§ **Task**: Exclude all images and print the entries below exactly.

Collected data

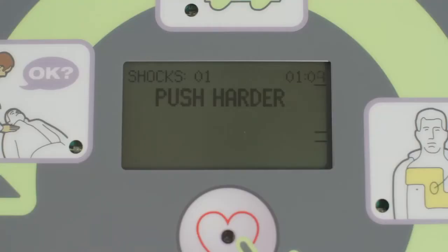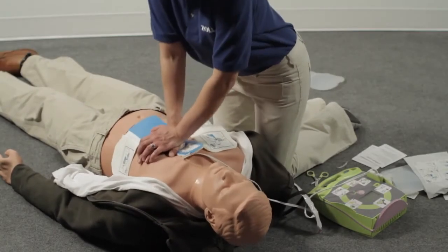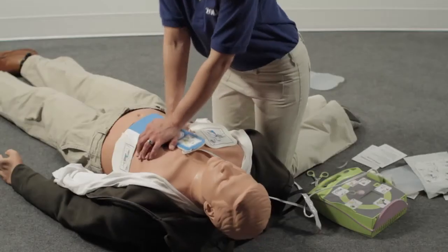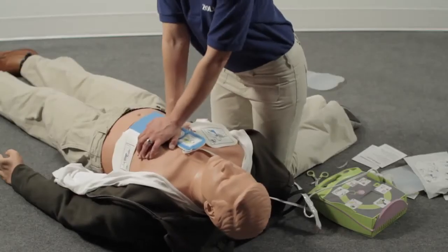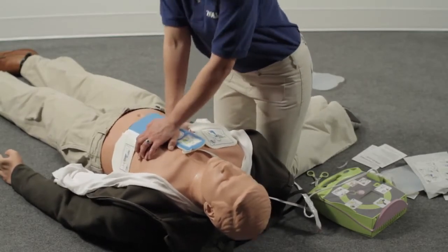After being told to push harder, if your compressions reach at least 2 inches, the AED Plus will let you know. The AED Plus also gives a real-time display of each chest compression on the bar gauge: the upper line represents 2 inches and the lower line represents 2½ inches. Each compression should be deep enough to at least touch the upper line. After giving 30 compressions, give 2 rescue breaths, and repeat this cycle until the AED Plus tells you to stop CPR.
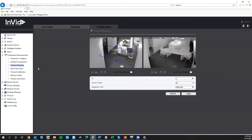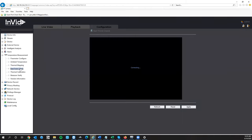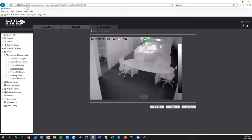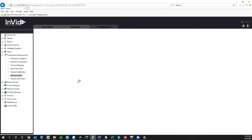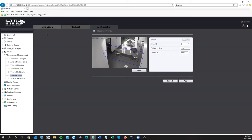That is the setup process of the camera. Ambient temperature — don't adjust those settings. Dead Point Check is a tech support tool — you won't need that. Measure Verify — don't turn that on; it's another tech support tool that turns off face detection.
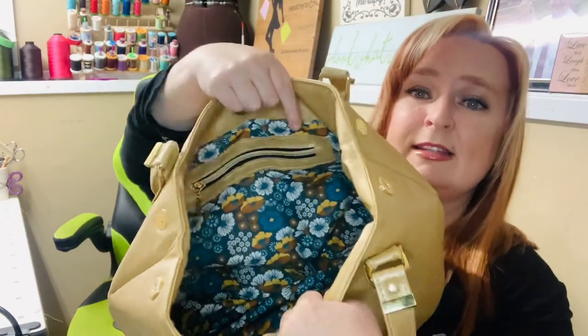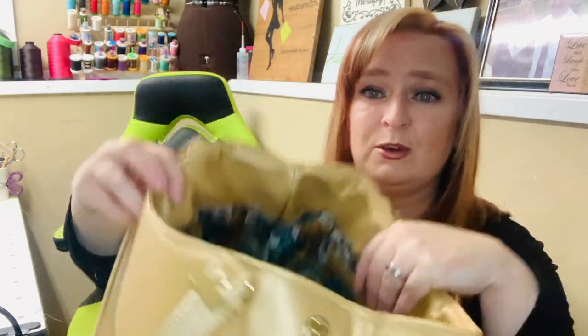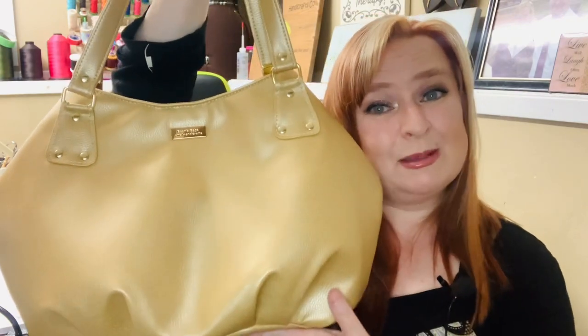The inside features a zip pocket, and it's just a very big and roomy inside. I just love making this bag — it's one of my favorites. I have one myself, the first one I ever made. I just wanted to share this, the Shambela Brisa bag.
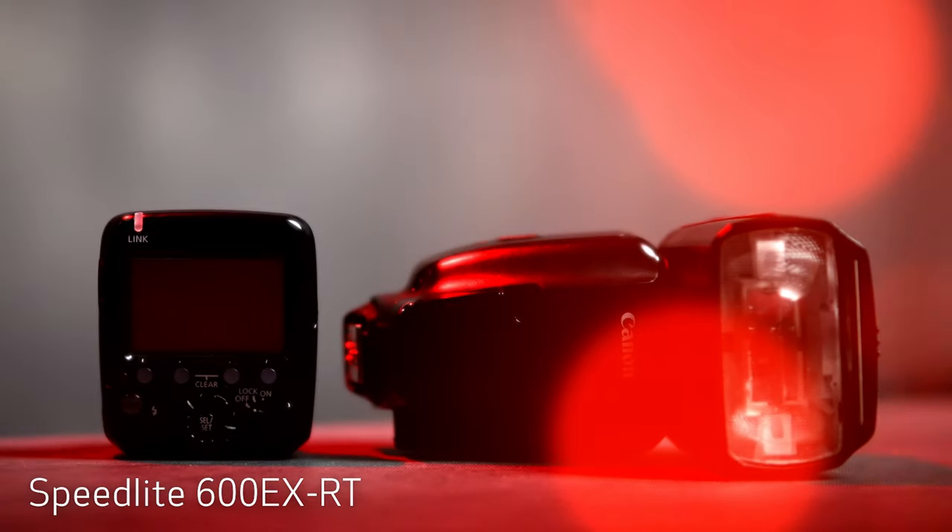I also bring one or two Speedlite 600EX-RT flashes for meet and greets or for crowd shots, along with the Speedlite transmitter ST-E3-RT. The ease of shooting wireless off-camera flash means that I'm ready if I'm ever asked to do a quick portrait or a headshot of any of our band or crew on the road if they need it.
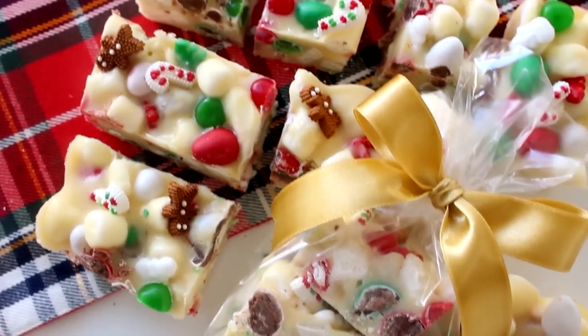Hello everybody, welcome back. Welcome to day three of Cookbiz. Today we're making some Christmas Rocky Road. This is the most addicting thing I've ever made. I've made a ton of variations of it, so make sure to stay till the end because you'll see all the different variations in the end card.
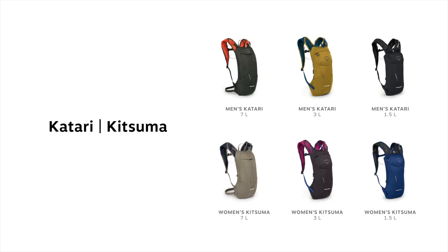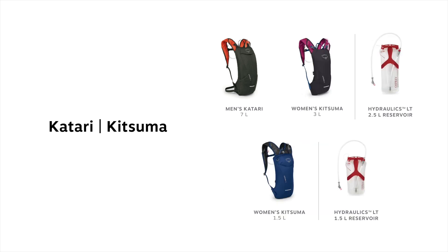The men's Katari and the women's Kitsuma are the smallest of our mountain bike backpacks, and are available in three volumes: 7 liters, 3 liters, and 1.5 liters. The 7 liter and 3 liter packs feature a 2.5 liter redesigned Osprey Hydraulics LT reservoir, while the 1.5 liter pack features a 1.5 liter reservoir.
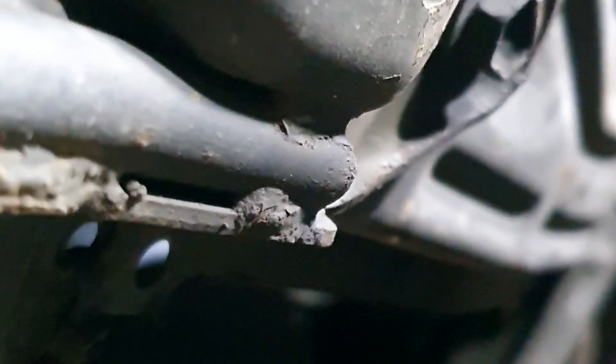Put a new washer around the sump nut and put it back in. All the extra oil is cleaned up. Get the spanner — it's a 14mm spanner — and tighten it. Everything is done underneath now, and carefully remove the oil pan.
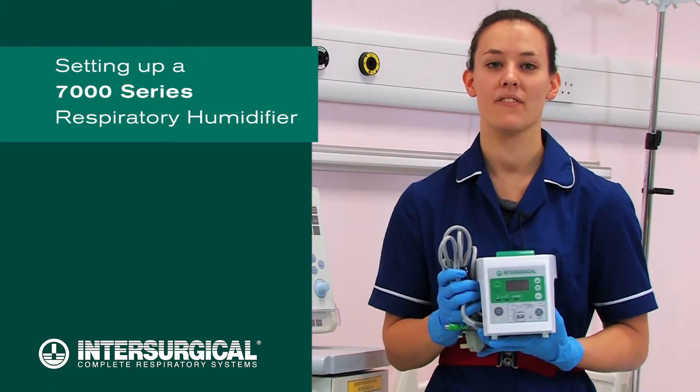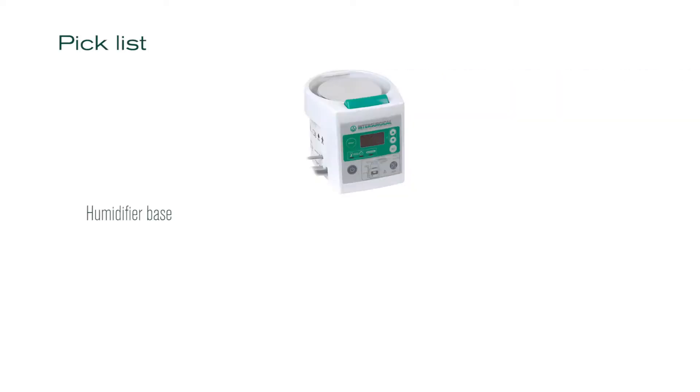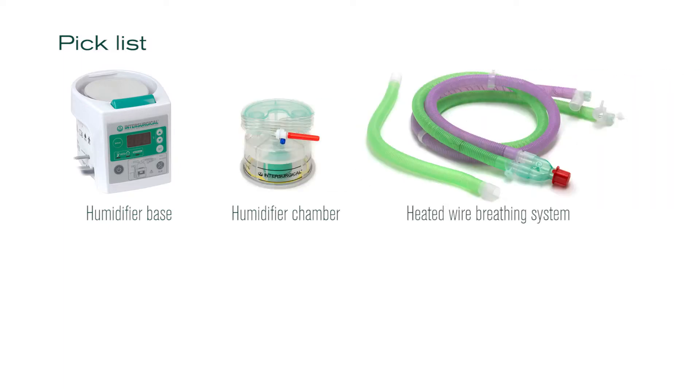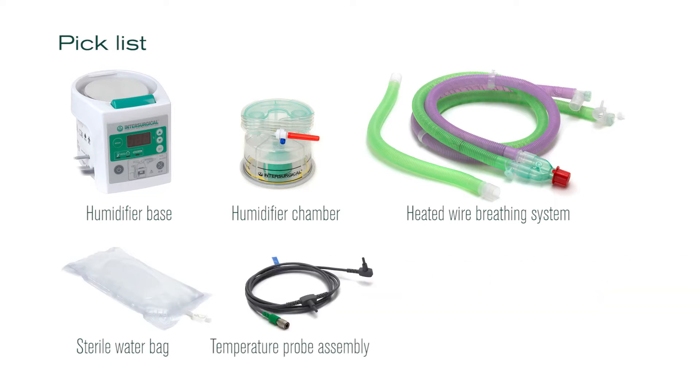I'm Amy and I'm going to show you how to set up a 7000 series respiratory humidifier. You will be using a humidifier base, a humidifier chamber, a heated wire breathing system, a bag of sterile water, a temperature probe assembly, a heated wire adapter and breathing filters.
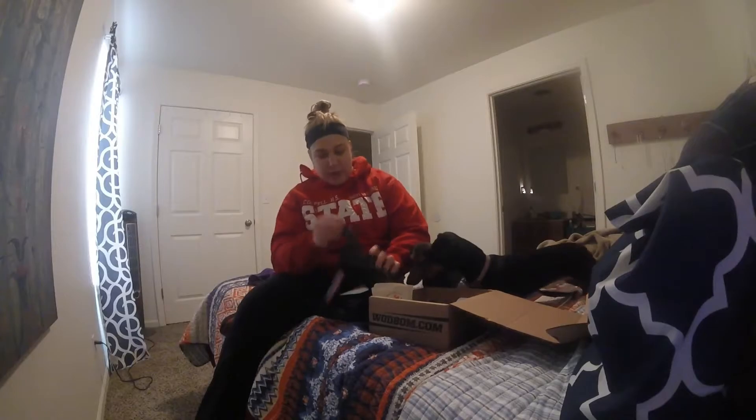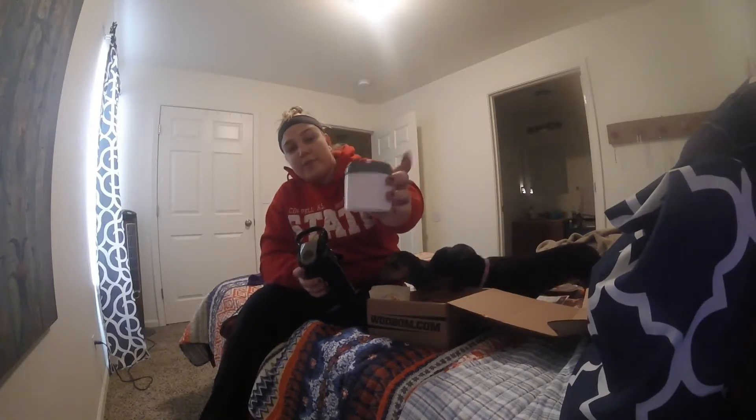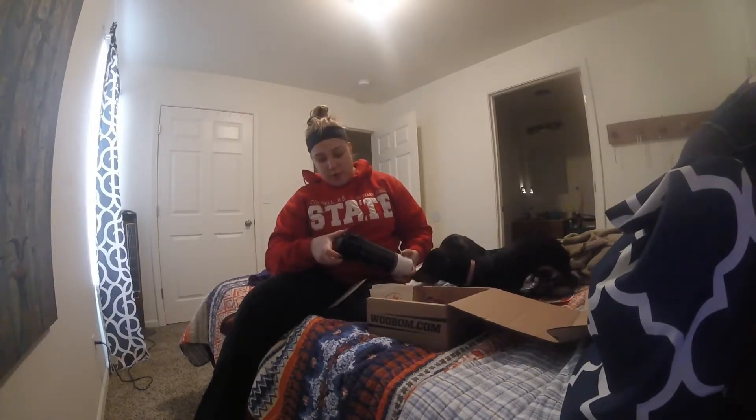We've got this shaker bottle — it's got like a strainer in it. It also comes with a container that you can screw on the bottom, and it's even got ounce lines on the back. That's a $15 value — crazy. These are super durable. I know a lot of people have pill stacks and take a lot of supplements. I'm pretty much excited about the fact that I've already got way more than what my box costs.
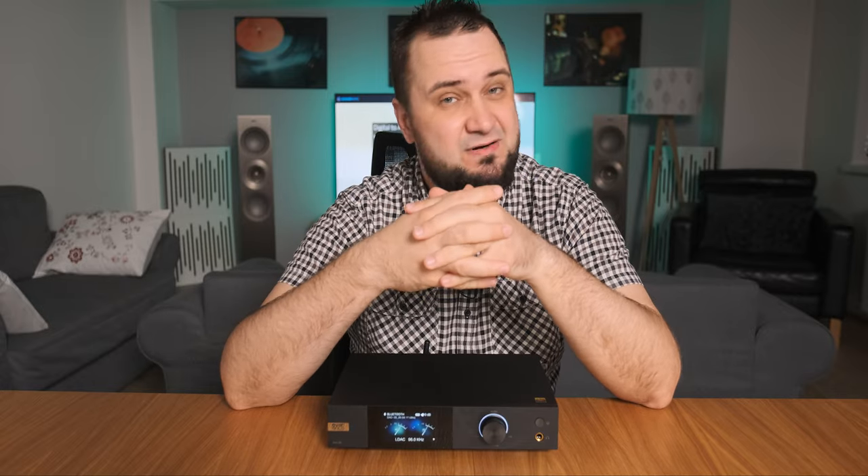Today I'll be testing what I believe is one of the finest DACs below one grand: the Eversolo DAC-Z8, which goes for 700 euros or 700 US dollars. It's time to check it out.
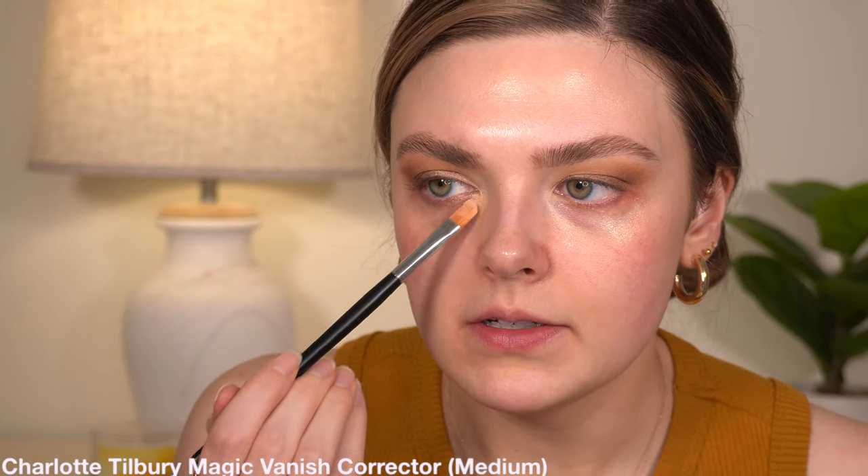I'm going to go ahead and kind of clean up under my eyes. I don't actually have that much fallout, but I have a little bit. So I'm just going to clean up underneath and then on the sides over here. We're going to move on to the face. I'm going to go in with some corrector — I am using Charlotte Tilbury Magic Vanish.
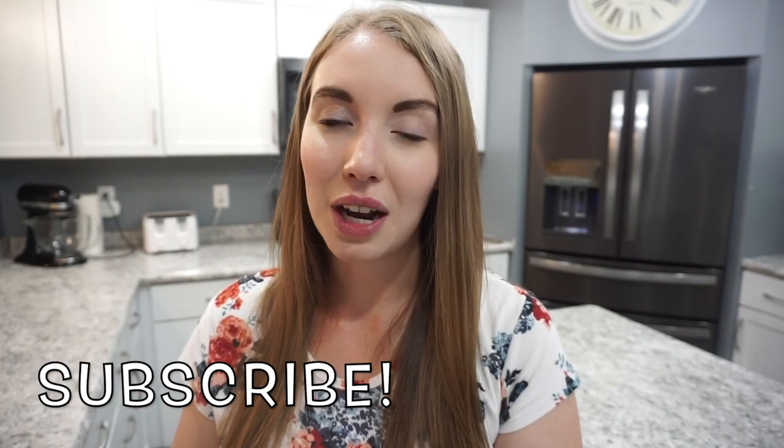That's going to wrap up this week of what's for dinner. I really hope that you enjoyed it — if you did, don't forget to give it a thumbs up and hit that little subscribe button. I do tons of cooking videos on my channel and I post a what's for dinner every single Sunday, so definitely make sure you subscribe if you don't want to miss out. That's going to be it for today's video — I'll see you guys next time, thanks so much for watching, bye!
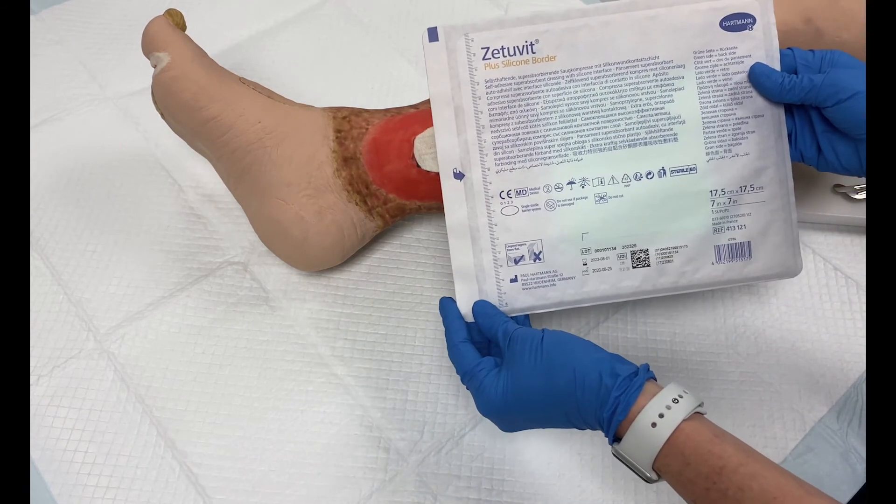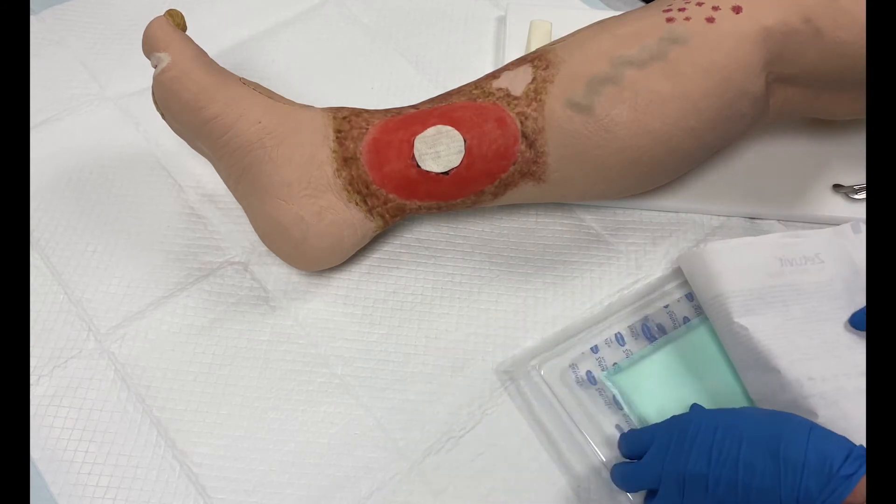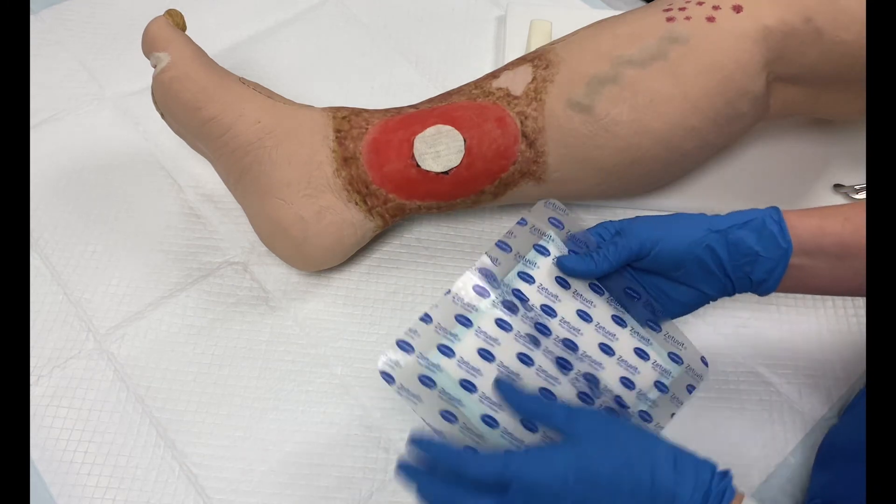Next, apply a Zetivit Plus silicone border. You should not cut the pad of the Zetivit Plus silicone border, but you may cut the border of the dressing to aid in application to concave areas.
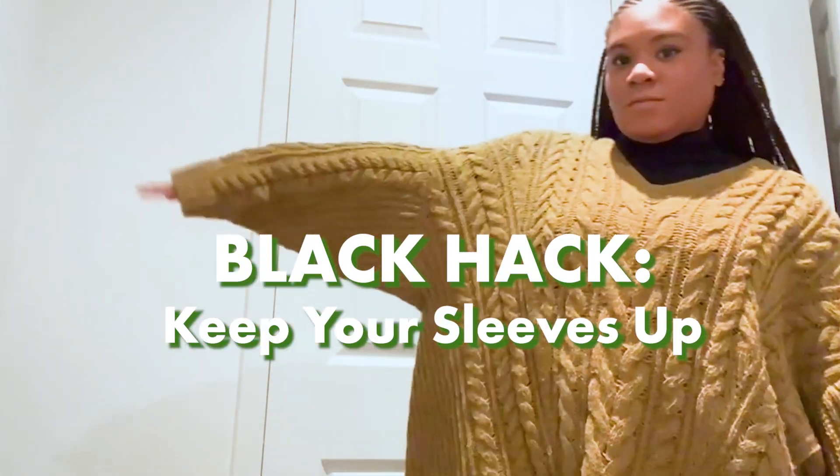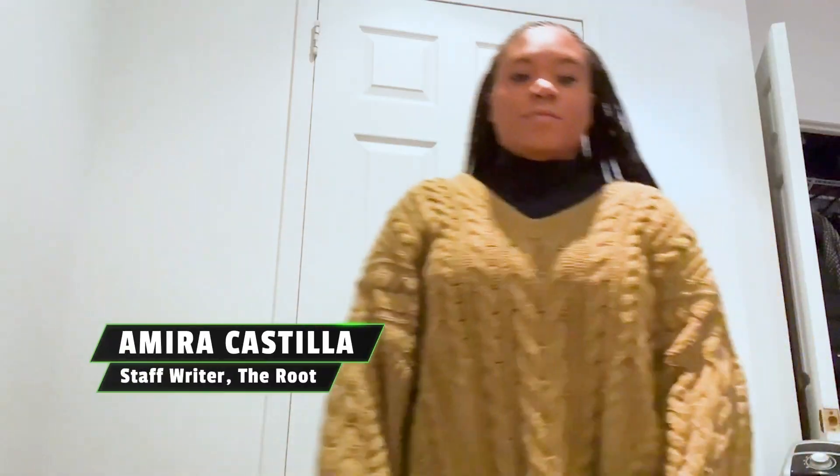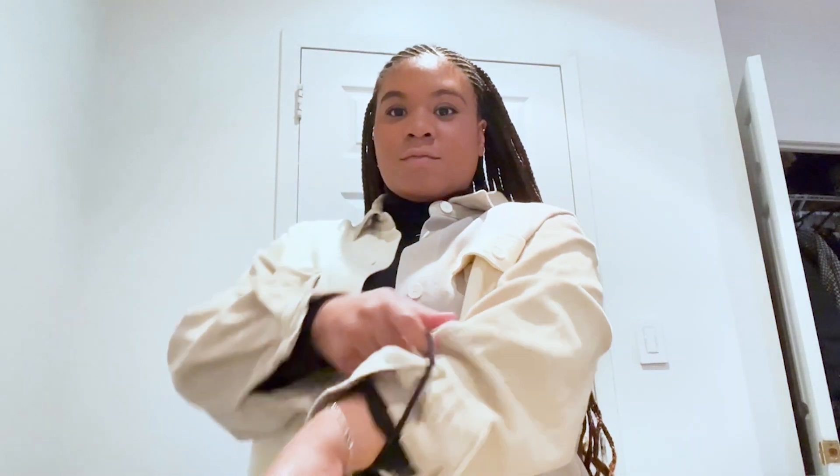Isn't it annoying to have your sleeves constantly fall to your wrists? Well, I'm here with a life hack and all you need are two rubber bands or hair ties. You're going to start with your outerwear already on. Make sure that the rubber band is tight enough for your arm.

§ **Solution to this problem**:
After being told to push harder, if your compressions reach at least 2 inches, the AED Plus will let you know. The AED Plus also gives a real-time display of each chest compression on the bar gauge: the upper line represents 2 inches and the lower line represents 2½ inches. Each compression should be deep enough to at least touch the upper line. After giving 30 compressions, give 2 rescue breaths, and repeat this cycle until the AED Plus tells you to stop CPR.
That is the setup process of the camera. Ambient temperature — don't adjust those settings. Dead Point Check is a tech support tool — you won't need that. Measure Verify — don't turn that on; it's another tech support tool that turns off face detection.
The inside features a zip pocket, and it's just a very big and roomy inside. I just love making this bag — it's one of my favorites. I have one myself, the first one I ever made. I just wanted to share this, the Shambela Brisa bag.
I also bring one or two Speedlite 600EX-RT flashes for meet and greets or for crowd shots, along with the Speedlite transmitter ST-E3-RT. The ease of shooting wireless off-camera flash means that I'm ready if I'm ever asked to do a quick portrait or a headshot of any of our band or crew on the road if they need it.
Hello everybody, welcome back. Welcome to day three of Cookbiz. Today we're making some Christmas Rocky Road. This is the most addicting thing I've ever made. I've made a ton of variations of it, so make sure to stay till the end because you'll see all the different variations in the end card.
The men's Katari and the women's Kitsuma are the smallest of our mountain bike backpacks, and are available in three volumes: 7 liters, 3 liters, and 1.5 liters. The 7 liter and 3 liter packs feature a 2.5 liter redesigned Osprey Hydraulics LT reservoir, while the 1.5 liter pack features a 1.5 liter reservoir.
Put a new washer around the sump nut and put it back in. All the extra oil is cleaned up. Get the spanner — it's a 14mm spanner — and tighten it. Everything is done underneath now, and carefully remove the oil pan.
I'm Amy and I'm going to show you how to set up a 7000 series respiratory humidifier. You will be using a humidifier base, a humidifier chamber, a heated wire breathing system, a bag of sterile water, a temperature probe assembly, a heated wire adapter and breathing filters.
We've got this shaker bottle — it's got like a strainer in it. It also comes with a container that you can screw on the bottom, and it's even got ounce lines on the back. That's a $15 value — crazy. These are super durable. I know a lot of people have pill stacks and take a lot of supplements. I'm pretty much excited about the fact that I've already got way more than what my box costs.
Today I'll be testing what I believe is one of the finest DACs below one grand: the Eversolo DAC-Z8, which goes for 700 euros or 700 US dollars. It's time to check it out.
I'm going to go ahead and kind of clean up under my eyes. I don't actually have that much fallout, but I have a little bit. So I'm just going to clean up underneath and then on the sides over here. We're going to move on to the face. I'm going to go in with some corrector — I am using Charlotte Tilbury Magic Vanish.
That's going to wrap up this week of what's for dinner. I really hope that you enjoyed it — if you did, don't forget to give it a thumbs up and hit that little subscribe button. I do tons of cooking videos on my channel and I post a what's for dinner every single Sunday, so definitely make sure you subscribe if you don't want to miss out. That's going to be it for today's video — I'll see you guys next time, thanks so much for watching, bye!
Next, apply a Zetivit Plus silicone border. You should not cut the pad of the Zetivit Plus silicone border, but you may cut the border of the dressing to aid in application to concave areas.
Isn't it annoying to have your sleeves constantly fall to your wrists? Well, I'm here with a life hack and all you need are two rubber bands or hair ties. You're going to start with your outerwear already on. Make sure that the rubber band is tight enough for your arm.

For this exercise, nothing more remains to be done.